Inflammation-targeted homing in the tumor microenvironment
Inflammation is a cellular response that takes place under conditions of cellular injury and in sites of tissue wounding. Over two decades ago, Dvorak and co-workers described the tumor as an unhealed wound that produces a continuous source of inflammatory mediators (cytokines, chemokines and other potential chemoattractant molecules). Cancer progression has been correlated with an increase in inflammatory mediator gene expression, and this is thought to occur via disruption, damage and cellular turnover occurring in the tumor microenvironment. This constant production of inflammatory mediators perpetuates the maintenance and progression of the tumor environment and becomes a target for the MSC. Tumor-generated inflammatory mediators have a role in determining the conditions of the tumor microenvironment, as they regulate invasion, motility, extracellular matrix interaction through autocrine effects as well as coordinating cell movement through paracrine signaling.13 Tumor-produced and tumor-induced inflammatory chemokines are known to have an important role in leukocyte/macrophage infiltration into tumors.14 Based on this evidence, one can speculate that inflammation-induced chemokines participate in the directed migration of stem cells, such as MSC, to tumors and inflamed microenvironments. Previous studies have shown the importance of inflammation to the successful homing of systematically infused stem cells (HSC) to cardiac tissue,15 thus reinforcing the notion of inflammation and chemokine production in migration of MSC. In addition to the secreted chemotactic molecules secreted by the tumor and its surrounding stroma, the tumor cells themselves retain a chemotactic disparity amongst its cellular components. When fractionated, the tumor cell membrane possesses a superior chemotaxis-induction potential compared with the other cellular components such as cytosolic fractions, including organelles such as the nuclei, mitochondria, lysosomes, microsomes and ribosomes (Figure 1).
Hypoxia contribution to MSC homing
Many tumors exhibit hypoxia, a state of reduced oxygen that often parallels and perpetuates inflammation.
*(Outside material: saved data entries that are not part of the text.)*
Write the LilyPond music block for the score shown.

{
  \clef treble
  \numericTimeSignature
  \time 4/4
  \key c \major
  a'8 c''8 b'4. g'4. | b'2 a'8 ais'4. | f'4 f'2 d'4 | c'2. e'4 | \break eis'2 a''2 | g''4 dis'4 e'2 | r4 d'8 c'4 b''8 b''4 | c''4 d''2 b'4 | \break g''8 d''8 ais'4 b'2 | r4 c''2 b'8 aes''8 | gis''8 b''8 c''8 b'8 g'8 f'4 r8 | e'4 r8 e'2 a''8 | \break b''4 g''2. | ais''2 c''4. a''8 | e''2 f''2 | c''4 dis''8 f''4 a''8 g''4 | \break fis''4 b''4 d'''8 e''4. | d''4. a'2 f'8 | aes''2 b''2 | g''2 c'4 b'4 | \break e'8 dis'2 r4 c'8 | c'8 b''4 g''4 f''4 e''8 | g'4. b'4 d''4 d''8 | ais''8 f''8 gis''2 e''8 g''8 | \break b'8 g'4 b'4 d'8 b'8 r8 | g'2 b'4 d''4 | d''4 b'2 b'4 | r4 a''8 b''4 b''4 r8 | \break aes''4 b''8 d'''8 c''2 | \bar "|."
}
A common feature between inflammation and hypoxic environments is the expression of pro-angiogenic molecules. The hypoxia-induced transcription factor HIF-1α activates the transcription of genes including vascular endothelial growth factor (VEGF), macrophage migration inhibitory factor, tumor necrosis factors (TNF-α), numerous proinflammatory cytokines and the activation of the transcription factor nuclear factor κB.16, 17 Nuclear factor κB is frequently activated in response to inflammatory mediators18 and has been shown to induce several chemokines (RANTES (CCL5), MIP-2 (CXCL2), MIP-1α (CCL3), monocyte chemoattractant protein 1 (MCP-1) (CCL2), interleukin-8 (CXCL8)) that are implicated in leukocyte migration.19, 20, 21, 22 Hypoxia in the tumor microenvironment is a cyclical event, and perpetuates the inflammatory response by ensuring a constant production of angiogenic and inflammatory mediators. Briefly, hypoxic conditions result in the generation of reactive oxygen species, which can increase DNA damage in neighboring cells. Tumor cells with more virulent mutations can then proliferate and invade neighboring cells/tissues resulting in tissue damage, which increases the demand for nutrients and oxygen, which continues to be short in supply.23 The reactive oxygen species induced in the microenvironment has also been demonstrated to increase secretion of inflammatory cytokines via nitric oxide (NO); NO has been linked to the regulation/induction of MIP-1α, MCP-1, macrophage inflammatory protein-related protein-1 and osteopontin.24, 25 Hypoxia has an important role in perpetuating the inflammatory process in tumors which results in the generation of chemokines that are involved in immune cell and likely MSC migration to tumors.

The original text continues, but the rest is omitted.